*SOURCE DATA*.

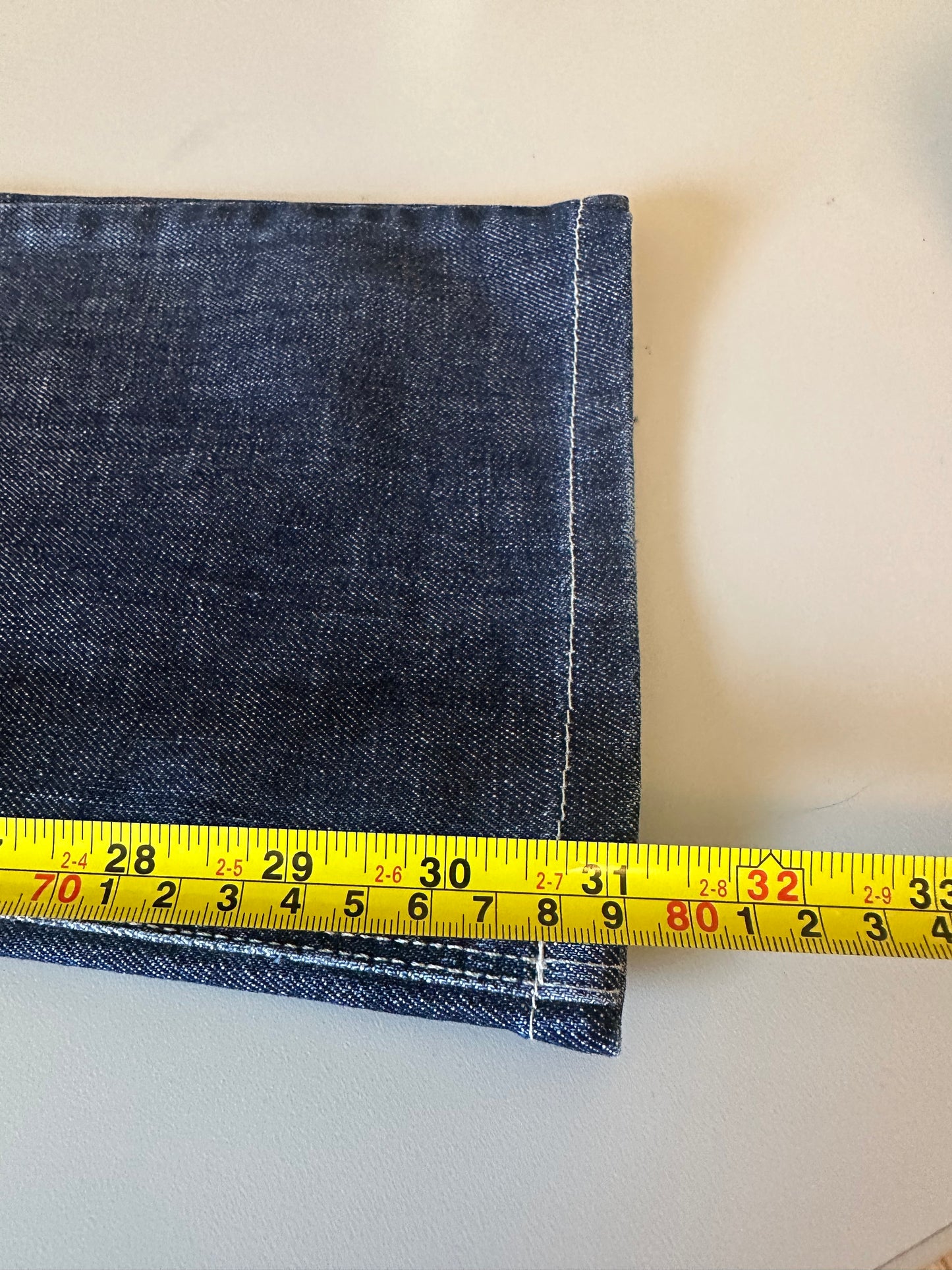 James Jeans Dry Aged Denim Dark Wash Straight Leg Jeans | Size 30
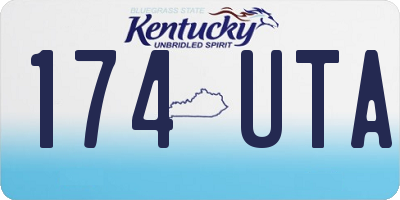 KY license plate 174UTA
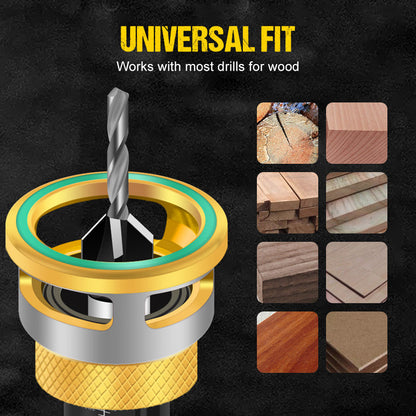 📢📢35% OFF !!!⏰4PCS Wood Countersink Drill Bit Set with Depth Stop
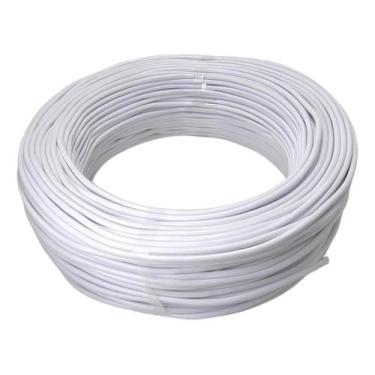 Imagem de Cabo Flexivel 6mm Com 100 Metros Fio Elétrico, Branco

*WHAT TO WORK ON*.
Extract, word for word, every line from the one containing "with Depth Stop" to the end of the data above, both ends included, and leave out the pictures.

*SOLUTION BELOW*.
 📢📢35% OFF !!!⏰4PCS Wood Countersink Drill Bit Set with Depth Stop
 Imagem de Cabo Flexivel 6mm Com 100 Metros Fio Elétrico, Branco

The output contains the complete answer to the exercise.